Comment by robrenaud

6 days ago

I worked on a similiar problem about a year ago, on large dense models.

https://www.lesswrong.com/posts/PkeB4TLxgaNnSmddg/scaling-sp...

In both cases, the goal is to actually learn a concrete circuit inside a network that solves specific Python next-token prediction tasks. We each end up with a crisp wiring diagram saying “these are the channels/neurons/heads that implement this particular bit of Python reasoning.”
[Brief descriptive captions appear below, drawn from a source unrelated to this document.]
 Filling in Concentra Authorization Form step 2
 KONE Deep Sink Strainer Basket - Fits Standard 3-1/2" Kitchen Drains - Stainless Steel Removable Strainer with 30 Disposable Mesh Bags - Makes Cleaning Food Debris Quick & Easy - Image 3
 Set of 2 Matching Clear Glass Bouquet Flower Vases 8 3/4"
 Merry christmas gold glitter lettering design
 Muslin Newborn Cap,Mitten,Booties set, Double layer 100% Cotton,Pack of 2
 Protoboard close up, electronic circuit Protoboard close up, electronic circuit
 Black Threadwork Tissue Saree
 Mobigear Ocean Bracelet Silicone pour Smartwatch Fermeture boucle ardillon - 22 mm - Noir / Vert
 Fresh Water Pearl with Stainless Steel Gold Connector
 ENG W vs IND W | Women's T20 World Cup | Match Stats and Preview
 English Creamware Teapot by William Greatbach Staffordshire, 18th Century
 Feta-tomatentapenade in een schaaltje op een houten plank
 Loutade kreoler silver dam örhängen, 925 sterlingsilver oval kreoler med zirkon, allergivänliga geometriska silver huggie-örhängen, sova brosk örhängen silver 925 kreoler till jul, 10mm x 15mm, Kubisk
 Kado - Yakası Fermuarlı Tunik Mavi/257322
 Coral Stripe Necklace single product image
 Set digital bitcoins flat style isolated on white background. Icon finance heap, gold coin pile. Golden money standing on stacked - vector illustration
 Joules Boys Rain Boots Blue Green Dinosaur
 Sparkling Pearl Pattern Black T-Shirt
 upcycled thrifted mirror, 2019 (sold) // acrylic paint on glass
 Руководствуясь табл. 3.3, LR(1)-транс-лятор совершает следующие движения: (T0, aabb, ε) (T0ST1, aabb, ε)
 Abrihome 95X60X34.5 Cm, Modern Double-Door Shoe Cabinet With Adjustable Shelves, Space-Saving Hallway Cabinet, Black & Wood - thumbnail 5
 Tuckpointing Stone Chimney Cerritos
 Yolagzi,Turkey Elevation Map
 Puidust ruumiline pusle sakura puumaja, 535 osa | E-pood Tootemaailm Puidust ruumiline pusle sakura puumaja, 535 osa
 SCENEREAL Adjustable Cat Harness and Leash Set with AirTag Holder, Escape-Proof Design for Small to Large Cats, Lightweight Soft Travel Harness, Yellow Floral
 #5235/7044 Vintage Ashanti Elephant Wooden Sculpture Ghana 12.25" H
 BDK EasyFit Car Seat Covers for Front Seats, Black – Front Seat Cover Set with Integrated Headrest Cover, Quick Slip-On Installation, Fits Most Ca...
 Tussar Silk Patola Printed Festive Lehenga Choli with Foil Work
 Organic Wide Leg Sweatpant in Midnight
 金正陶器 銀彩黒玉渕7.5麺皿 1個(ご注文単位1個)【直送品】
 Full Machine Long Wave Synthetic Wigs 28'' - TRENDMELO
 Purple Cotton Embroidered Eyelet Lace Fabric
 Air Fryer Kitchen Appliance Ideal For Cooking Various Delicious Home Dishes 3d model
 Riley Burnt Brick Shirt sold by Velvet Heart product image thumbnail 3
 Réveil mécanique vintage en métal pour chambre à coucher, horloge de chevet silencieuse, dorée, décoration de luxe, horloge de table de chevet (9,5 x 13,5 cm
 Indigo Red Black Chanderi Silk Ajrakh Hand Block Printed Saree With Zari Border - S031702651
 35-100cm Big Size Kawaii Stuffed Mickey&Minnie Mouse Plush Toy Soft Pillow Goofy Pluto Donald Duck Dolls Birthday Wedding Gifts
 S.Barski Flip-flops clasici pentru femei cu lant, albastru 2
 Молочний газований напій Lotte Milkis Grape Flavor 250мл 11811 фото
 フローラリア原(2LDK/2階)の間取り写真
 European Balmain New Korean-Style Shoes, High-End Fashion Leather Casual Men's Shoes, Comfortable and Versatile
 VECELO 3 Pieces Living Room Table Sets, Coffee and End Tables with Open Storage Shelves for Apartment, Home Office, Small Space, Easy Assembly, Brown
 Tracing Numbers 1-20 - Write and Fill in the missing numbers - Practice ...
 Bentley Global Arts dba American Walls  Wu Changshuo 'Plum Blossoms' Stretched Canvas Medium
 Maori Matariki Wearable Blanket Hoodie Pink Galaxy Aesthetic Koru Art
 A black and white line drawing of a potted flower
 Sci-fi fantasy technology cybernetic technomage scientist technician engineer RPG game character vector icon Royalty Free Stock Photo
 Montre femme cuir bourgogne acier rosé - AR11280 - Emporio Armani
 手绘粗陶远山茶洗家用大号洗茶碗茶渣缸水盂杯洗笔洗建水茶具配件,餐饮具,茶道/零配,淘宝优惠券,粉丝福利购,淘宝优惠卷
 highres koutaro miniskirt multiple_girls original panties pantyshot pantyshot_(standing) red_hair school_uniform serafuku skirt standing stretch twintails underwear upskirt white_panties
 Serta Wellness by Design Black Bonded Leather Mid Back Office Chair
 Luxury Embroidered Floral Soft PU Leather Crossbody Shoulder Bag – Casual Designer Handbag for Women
Both projects cast circuit discovery as a gradient-based selection problem over a fixed base model. We train a mask that picks out a sparse subset of computational nodes as “the circuit,” while the rest are ablated. Their work learns masks over a weight-sparse transformer; ours learns masks over SAE latents and residual channels. But in both cases, the key move is the same: use gradients to optimize which nodes are included, rather than relying purely on heuristic search or attribution patching. Both approaches also use a gradual hardening schedule (continuous masks that are annealed or sharpened over time) so that we can keep gradients useful early on, then spend extra compute to push the mask towards a discrete, minimal circuit that still reproduces the model’s behavior.

The similarities extend to how we validate and stress-test the resulting circuits. In both projects, we drill down enough to notice “bugs” or quirks in the learned mechanism and to deliberately break it: by making simple, semantically small edits to the Python source, we can systematically cause the pruned circuit to fail and those failures generalize to the unpruned network. That gives us some confidence that we’re genuinely capturing the specific mechanism the model is using.